It feeds features to training to produce models. (aka. Training)
It uses these models to make predictions. (aka. Deployment)

But what a production machine learning system usually involves:

 1. Gathering training data
 2. Applying feature extraction
 3. Training the model
 4. Verifying that the model is good
 5. Deploying the model

All of this is usually dubbed "the pipeline."

Machine learning system can be minimal. The system can consist only a few pieces of software running on your laptop. That isn't very scalable though.

Note that using machine learning-based tools does not automatically make the solution a machine learning system.

For example, if you have an application that does prompting to OpenAI or Anthropic APIs, that is not a machine learning system. This kind of applied machine learning can suffer from similar issues as a machine learning system, but it's not one as it's missing integral parts like training (there is no learning).

Machine learning systems are inherently more complex than normal software. Machine learning systems have all the same code complexity issues as normal software, but also have high system-level complexity that will cause compounding technical debt.

Make sure that data scientists and infrastructure engineers communicate. Code and pipelines are more manageable if engineers and researchers work closely; or are the same person.

Data scientists must go beyond optimizing the business metrics. Prediction bias, fairness, transparency and accountability are as important as security and privacy.

Security doesn't directly generate business value but, as we have recently noticed, data breaches can cost company a lot of money in plummeting stocks and lawsuits.

Privacy is the same, no direct business value, but you don't want to find yourself in the middle of a lawsuit.

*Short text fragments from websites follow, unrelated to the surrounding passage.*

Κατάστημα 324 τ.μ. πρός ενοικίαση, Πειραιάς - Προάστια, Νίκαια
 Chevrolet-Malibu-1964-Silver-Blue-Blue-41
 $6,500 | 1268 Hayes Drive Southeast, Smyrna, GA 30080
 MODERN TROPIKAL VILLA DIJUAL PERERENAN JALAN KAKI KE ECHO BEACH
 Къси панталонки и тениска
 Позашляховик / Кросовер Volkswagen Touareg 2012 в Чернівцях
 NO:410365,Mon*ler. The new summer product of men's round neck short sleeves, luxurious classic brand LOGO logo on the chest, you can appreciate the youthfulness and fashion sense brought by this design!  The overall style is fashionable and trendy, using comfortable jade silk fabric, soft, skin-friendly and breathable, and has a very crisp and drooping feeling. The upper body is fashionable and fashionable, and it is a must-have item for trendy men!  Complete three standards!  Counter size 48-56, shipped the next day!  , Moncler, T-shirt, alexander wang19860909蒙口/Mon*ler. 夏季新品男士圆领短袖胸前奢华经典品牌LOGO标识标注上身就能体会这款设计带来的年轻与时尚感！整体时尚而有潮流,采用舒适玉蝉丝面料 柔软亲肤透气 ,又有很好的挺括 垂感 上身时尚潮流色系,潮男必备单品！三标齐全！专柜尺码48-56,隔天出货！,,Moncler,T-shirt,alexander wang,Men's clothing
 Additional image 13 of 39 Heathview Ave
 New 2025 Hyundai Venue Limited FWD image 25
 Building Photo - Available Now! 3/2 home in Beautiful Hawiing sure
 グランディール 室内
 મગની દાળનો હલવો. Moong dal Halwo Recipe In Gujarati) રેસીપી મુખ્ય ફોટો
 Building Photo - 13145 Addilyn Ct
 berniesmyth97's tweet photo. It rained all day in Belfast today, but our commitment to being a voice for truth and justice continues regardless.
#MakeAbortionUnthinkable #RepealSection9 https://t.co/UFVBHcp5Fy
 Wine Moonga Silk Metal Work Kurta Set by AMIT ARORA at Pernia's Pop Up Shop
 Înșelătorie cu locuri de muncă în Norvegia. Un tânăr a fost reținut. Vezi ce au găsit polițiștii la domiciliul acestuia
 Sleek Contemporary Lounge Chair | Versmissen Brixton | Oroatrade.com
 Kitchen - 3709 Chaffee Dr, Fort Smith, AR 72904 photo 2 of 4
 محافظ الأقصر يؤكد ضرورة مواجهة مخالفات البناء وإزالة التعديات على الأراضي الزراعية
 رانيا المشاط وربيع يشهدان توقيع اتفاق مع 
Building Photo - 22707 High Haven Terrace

Fairness is achieved by segmenting your test data and evaluation. You monitor prediction error rates per dataset segment.

Health care model suggesting treatments, but your dataset has a lot more millennial than senior citizens. Without proper normalization, this will cause more errors for senior citizen treatments. The predictions become unfair for the senior citizen.

If you have a recruitment model that usually evaluates and trains on data based on people of white ethnicity, it might start discriminating other ethnicities if the data distribution is not kept in check. The model essentially becomes racist.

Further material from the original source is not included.